Thursday, February 19, 2009

Old Fashioned Work Ethic

The idea that a workplace is a workplace seems oddly old fashioned. Folks seem to crave an artificial family, emotional support. We all seek allies, that is sensible, time-honored and appropriate to a degree. But trying to find an emotional life at work is ridiculous. Because the person you want to bond with may be the person who has to write you up or fire you. Nobody seems to get it that when you go to work you leave your personal shit at the door, suit up, pate on a smile and do your best. I listen to people talking about their personal problems all day long at work when they are supposed to be working. It is downright tiring. In the same category, I am pretty well sick to death of listening to people complain about their jobs.
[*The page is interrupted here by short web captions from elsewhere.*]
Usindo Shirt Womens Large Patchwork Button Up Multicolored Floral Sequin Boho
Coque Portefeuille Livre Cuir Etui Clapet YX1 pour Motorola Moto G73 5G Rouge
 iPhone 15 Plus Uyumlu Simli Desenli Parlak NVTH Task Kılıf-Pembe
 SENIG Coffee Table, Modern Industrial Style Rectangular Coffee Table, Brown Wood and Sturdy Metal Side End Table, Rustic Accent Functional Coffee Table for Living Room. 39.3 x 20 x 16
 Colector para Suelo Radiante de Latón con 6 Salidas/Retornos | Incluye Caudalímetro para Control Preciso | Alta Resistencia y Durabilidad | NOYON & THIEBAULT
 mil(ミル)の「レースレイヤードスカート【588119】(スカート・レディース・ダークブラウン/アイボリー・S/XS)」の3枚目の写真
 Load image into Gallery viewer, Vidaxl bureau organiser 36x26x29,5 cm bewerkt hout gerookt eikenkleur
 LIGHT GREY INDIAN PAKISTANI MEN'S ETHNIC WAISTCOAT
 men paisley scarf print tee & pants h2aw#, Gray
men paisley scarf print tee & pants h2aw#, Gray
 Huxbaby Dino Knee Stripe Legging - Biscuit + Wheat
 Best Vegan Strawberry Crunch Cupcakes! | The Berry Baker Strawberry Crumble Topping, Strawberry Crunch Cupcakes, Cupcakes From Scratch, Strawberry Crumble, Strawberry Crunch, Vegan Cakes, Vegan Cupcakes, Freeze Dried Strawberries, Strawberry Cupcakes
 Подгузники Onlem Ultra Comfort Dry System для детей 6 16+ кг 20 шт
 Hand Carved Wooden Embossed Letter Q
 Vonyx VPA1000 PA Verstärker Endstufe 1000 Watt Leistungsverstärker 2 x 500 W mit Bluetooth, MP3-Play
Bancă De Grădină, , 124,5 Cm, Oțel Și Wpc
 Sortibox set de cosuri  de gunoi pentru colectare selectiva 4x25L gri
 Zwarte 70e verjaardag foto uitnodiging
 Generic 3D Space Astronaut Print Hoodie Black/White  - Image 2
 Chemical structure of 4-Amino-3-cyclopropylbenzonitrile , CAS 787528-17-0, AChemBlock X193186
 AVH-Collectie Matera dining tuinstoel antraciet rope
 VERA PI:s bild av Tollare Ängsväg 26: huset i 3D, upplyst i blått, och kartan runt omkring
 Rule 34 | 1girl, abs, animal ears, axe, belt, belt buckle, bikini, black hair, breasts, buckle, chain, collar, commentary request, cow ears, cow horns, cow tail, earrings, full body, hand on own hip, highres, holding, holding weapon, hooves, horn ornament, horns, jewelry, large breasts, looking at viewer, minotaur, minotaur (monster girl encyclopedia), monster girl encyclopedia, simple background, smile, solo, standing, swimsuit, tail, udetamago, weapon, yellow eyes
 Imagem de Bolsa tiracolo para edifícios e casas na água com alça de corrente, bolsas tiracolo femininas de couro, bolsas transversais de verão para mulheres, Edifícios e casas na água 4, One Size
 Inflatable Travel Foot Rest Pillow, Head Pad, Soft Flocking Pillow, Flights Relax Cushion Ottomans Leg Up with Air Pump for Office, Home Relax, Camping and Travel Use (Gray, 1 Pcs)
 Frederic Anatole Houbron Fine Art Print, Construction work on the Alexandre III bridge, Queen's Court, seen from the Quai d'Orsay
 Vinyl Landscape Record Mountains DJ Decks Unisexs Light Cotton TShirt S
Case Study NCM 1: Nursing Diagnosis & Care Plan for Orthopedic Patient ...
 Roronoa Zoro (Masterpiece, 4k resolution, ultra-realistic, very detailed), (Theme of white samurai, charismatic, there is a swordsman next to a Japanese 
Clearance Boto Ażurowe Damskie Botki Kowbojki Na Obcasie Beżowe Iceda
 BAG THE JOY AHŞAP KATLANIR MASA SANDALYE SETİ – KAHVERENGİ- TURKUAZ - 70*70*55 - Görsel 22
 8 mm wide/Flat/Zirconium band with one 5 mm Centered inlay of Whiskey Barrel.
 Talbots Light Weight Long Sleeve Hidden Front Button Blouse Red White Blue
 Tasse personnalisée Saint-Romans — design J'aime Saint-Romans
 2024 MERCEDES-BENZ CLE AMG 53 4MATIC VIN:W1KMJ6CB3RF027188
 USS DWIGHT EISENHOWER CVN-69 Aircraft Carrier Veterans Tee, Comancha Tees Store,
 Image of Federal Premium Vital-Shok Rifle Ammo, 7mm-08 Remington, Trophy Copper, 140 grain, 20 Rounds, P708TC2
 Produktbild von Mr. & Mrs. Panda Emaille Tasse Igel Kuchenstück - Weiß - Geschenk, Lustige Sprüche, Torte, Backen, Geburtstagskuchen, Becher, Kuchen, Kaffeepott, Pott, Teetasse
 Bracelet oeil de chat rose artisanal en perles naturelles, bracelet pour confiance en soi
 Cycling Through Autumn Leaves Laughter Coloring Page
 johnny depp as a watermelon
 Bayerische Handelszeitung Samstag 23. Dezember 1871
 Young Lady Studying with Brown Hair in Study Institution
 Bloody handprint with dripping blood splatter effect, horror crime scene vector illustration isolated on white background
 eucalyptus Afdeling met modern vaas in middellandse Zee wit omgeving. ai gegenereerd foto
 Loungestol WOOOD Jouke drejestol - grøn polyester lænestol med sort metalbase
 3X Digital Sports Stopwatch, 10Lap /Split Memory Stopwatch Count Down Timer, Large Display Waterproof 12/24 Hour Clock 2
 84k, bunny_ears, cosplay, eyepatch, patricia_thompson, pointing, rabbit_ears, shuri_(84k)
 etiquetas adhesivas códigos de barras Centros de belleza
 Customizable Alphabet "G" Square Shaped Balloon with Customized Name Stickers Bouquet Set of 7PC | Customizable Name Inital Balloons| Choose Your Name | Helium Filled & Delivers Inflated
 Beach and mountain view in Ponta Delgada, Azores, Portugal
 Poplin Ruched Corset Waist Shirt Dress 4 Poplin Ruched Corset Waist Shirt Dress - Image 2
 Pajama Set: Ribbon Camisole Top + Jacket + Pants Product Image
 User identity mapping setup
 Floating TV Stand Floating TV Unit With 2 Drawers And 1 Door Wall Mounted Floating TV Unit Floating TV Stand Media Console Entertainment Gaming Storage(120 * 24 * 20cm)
I don't love my job some days, but I am pretty darn grateful to have it. Especially in these times when there are literally millions out of work. I am constantly tempted to say "if you don't like it, find another one". But I don't. I am even more astounded that managers permit people to spew negativity and then wonder why they aren't productive. It is interesting that my emotionally sensitive son (and yes, he really is) has always had a problem with the emotional ups and downs of life. When things are difficult, he tends to just tank in his school work or other commitments. We talked about this recently, about the idea that you sometimes just have to keep going, despite life handing you lemons. You don't have to make lemonade but you have to stay on track. This is just one of those lessons you just have to learn, at least I think so. Obviously a lot of folks don't learn it since they seem to think that their employment is a god given right and not a gift. Old fashioned I guess.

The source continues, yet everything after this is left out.